My only problem with liberals is that they're hypocrites and they can't help lying.
Perhaps, like my friends, you now think I'm too harsh in my judgment. On the contrary, I think I tend to give liberals the benefit of the doubt. I happen to believe they are so besotted by their emotions that they can't help painting themselves into indefensible corners. To blame a liberal for lying and blatant hypocrisy would be as heartless as blaming an alcoholic for drinking. In fact, I suspect that, like alcoholics, liberals suffer from a chemical imbalance. Otherwise, how would you explain the enormous gulf between what they say and what they do?
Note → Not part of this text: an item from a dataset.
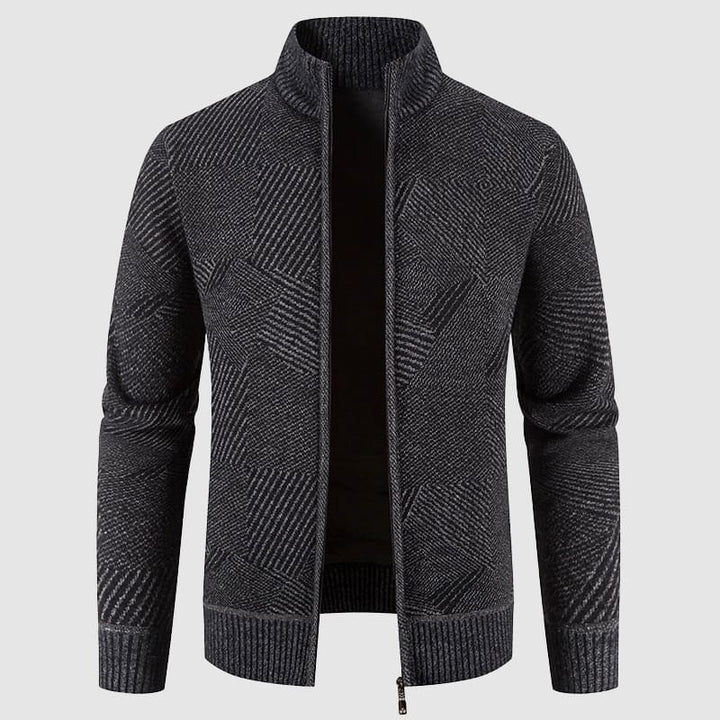 Men's dark gray geometric knit zip cardigan with mock neck, perfect for smart casual autumn & winter fashion.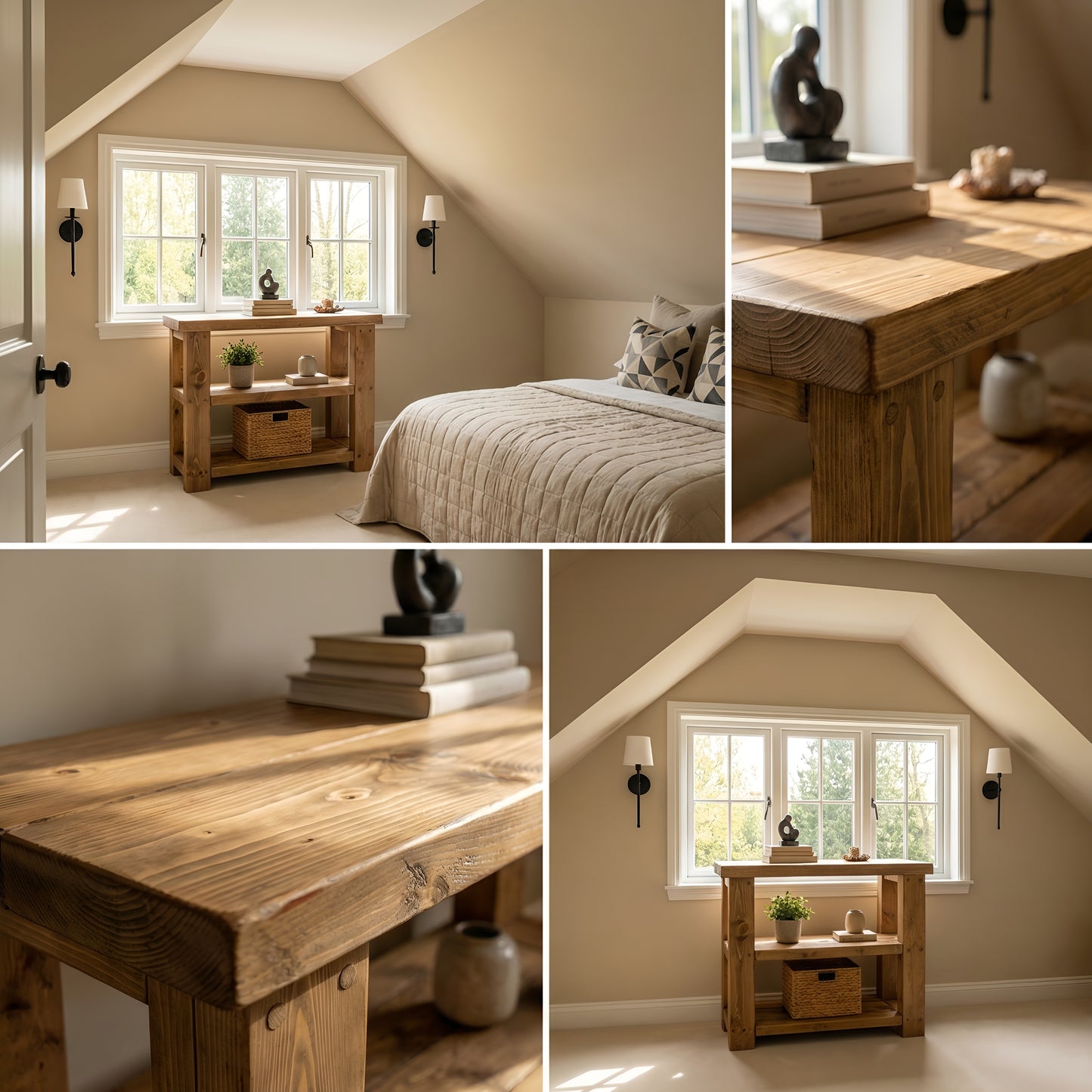 BRAMLEY Console Table / Side Table With Shelf Solid Wood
For instance, how often have we read newspaper editorials arguing for Affirmative Action in schools and in the work place? In most cases, those pieces are not being written or edited by members of a racial minority group. So, if they were sincere, shouldn't these journalists clear out their desks and surrender their jobs to somewhat less qualified, but far more deserving, blacks and Hispanics?
Or consider, if you will, how consistently liberals object to tax cuts. They prattle on incessantly about how much the wealthy benefit, ignoring the logic that if there's a 10% reduction across the board, it figures that the person who pays more will save more. But, when liberals blather about the inequities of tax cuts, you realize they actually believe that if a millionaire saves fifty thousand on his tax bill, the guy who only earns, say, thirty grand-a-year should get the same return!
Liberals, for reasons that some of us will never comprehend, are convinced that the federal government can be trusted to spend money more wisely than the people who actually earn it. When Bill Clinton was in the White House, he said as much.
They're entitled to their beliefs, you say. Where does the inconsistency come in, you ask? It's simply this -- liberals spend just as much money as conservatives on shrewd attorneys and clever C.P.A.'s, attempting to lower their own tax liability. There is nothing in the tax laws, after all, that prohibits an American citizen from paying Uncle Sam more than he owes. But, I have yet to hear of a liberal, even one as rich as George Soros, who claimed that, even though he belonged in the highest bracket, he so admired the way in which Congress spent his money, he was going to send the I.R.S. 70 or maybe even 80 percent of his earnings.
Finally, I have never heard a liberal speak out in favor of school vouchers. Instead, they wave the flag for public schools, even though everybody in his right mind knows that, in spite of the No Child Left Behind program, a majority of public schools in America are a disgrace. The system has routinely passed along youngsters who wound up graduating from high school lacking self-discipline and even rudimentary math and reading skills. Yet, every liberal in Congress can be counted on to pay lip service to public education, although not one of them has a child enrolled in the Washington, D.C., school system!
So, while I acknowledge that liberals can be as loyal and steadfast as cocker spaniels, I have found it is nearly impossible to paper-train them.